This past Sunday I preached in my sermon about leaving our sin and sinful nature under the nails of Christ's cross. I think sometimes as Christians we have a hard time feeling like we truly have "new life" in Christ, and I think a lot of that is because we still see ourselves as trapped by sin. We think Christ's death, for whatever reason, wasn't quite enough to set us free from sin. Colossians 2-3 is the apostle Paul's response to that kind of thinking.
It has been interesting how that message has preached. Since Sunday morning's service ended, I have had several conversations with people who have talked about how much they needed that message this past Sunday, that there were things that they realized they needed to put under the nails of the cross and leave there.
Sunday afternoon, I had a chance to preach at one of the local independent living homes. I was going to preach a different message, but ultimately decided to preach the sermon I had preached Sunday morning. Following the afternoon service, a lady came up to me and began to share an experience that had happened soon after she had moved into the independent living center a year earlier. As she listened to me, she realized that she was still carrying the hurt and anger from that experience. She realized that she was a new person in Christ, and it was time to leave the pain of that experience under his nails. I was so honored to be able to talk with her and share a few moments with her rejoicing in what God was doing in her life.
During the Sunday morning service, we had invited folks to write down one act or feeling that needed to be left under the nails of Christ, one thing that was keeping them from embracing the forgiveness and hope of new life in Christ. Then everyone brought their pieces of paper to the front and put them on nails, symbolizing their willingness to leave in the newness of life in Christ.
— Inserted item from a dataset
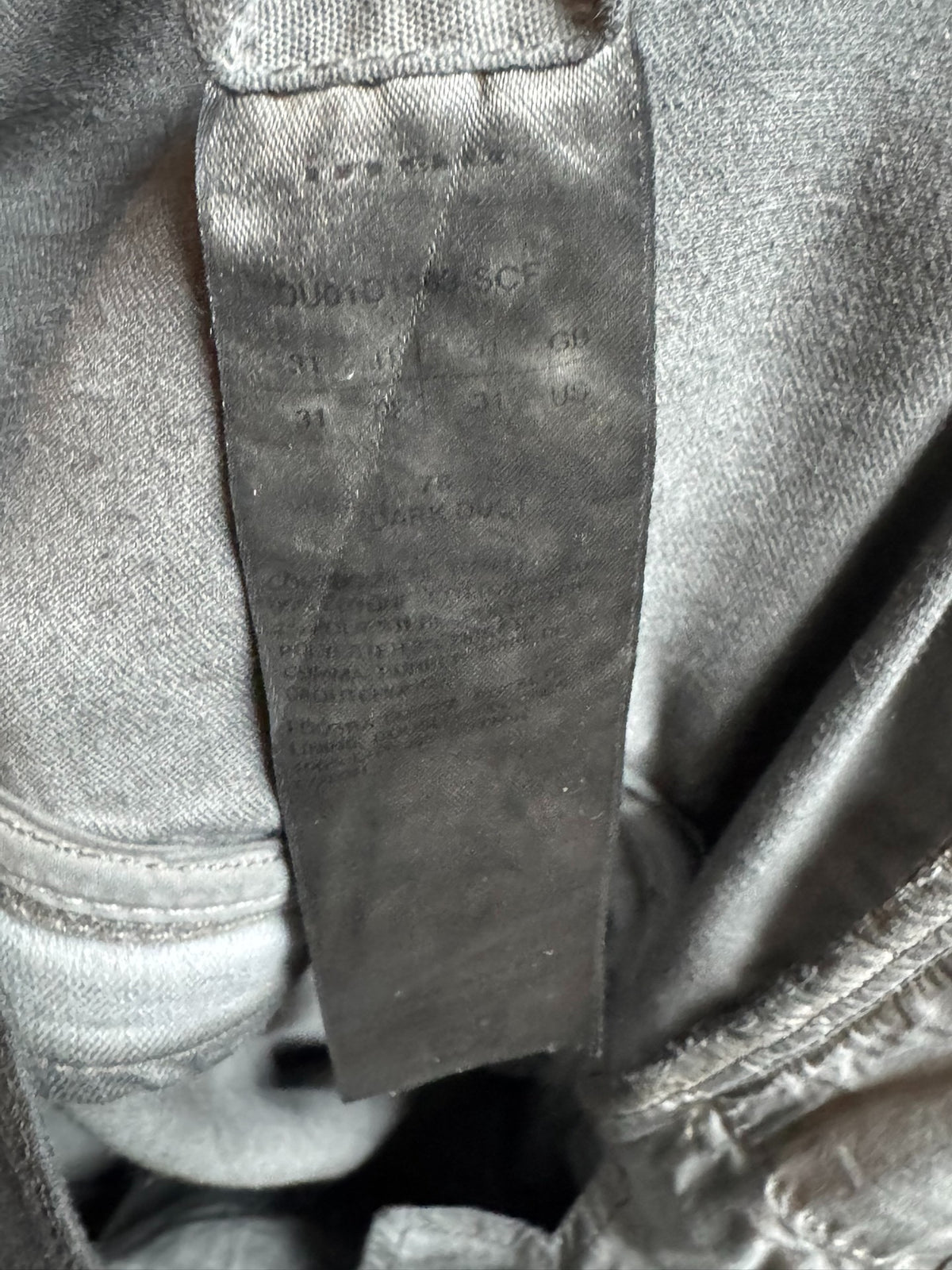 Rick Owens washed banana zipper jeans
After the service, there was an interesting logistical question: what to do with the pieces of paper. I had committed to the church that no one else would see or read them, including me.
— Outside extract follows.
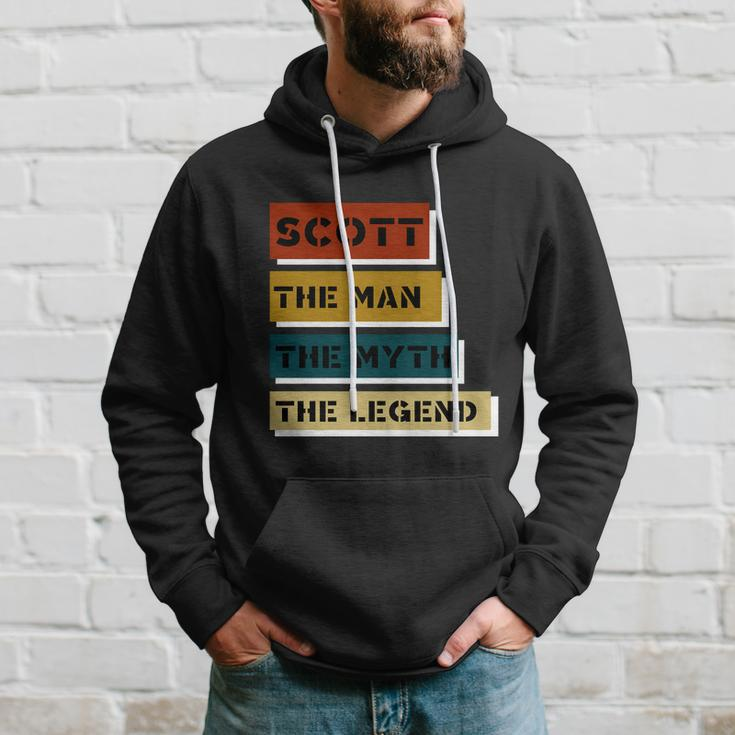 Scott The Man The Myth The Legend Hoodie Gifts for Him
I decided to take a Leviticus 16 approach. I took the pieces of paper off the cross along with the nails, leaving the nails going through the stack. I was very careful to make sure I did not see anything written on any of the pieces of paper. I put them in the bag and decided I would take them somewhere far away from our church and our community to leave them where they could not be brought back to us. The location, as it turned out, was beside a river that I discovered yesterday (not even in our county, I might add). When I found the right spot, I dug a hole in the ground, took the stacks of paper still under the nails out of the bag, and placed them in the ground and covered the hole. As I walked to the site, I was listening to the song "Leave It There" by the Gaither Vocal Band on my iPod. After I was finished digging, I took off the iPod earphones and spent time praying asking God to remove the stain and guilt of the acts and deeds on those pieces of paper from our church so that we could indeed have new abundant life. Suddenly, as I prayed, a wind blew across the waters of the river, and I was suddenly reminded of Genesis 1, when the Spirit of God moved across the face of the deep as a mighty wind. From that, God made a new creation. That image became my prayer: God, may your Spirit move across our lives and make in us a new creation.
I have been amazed this week at how God continues to preach to me and to others.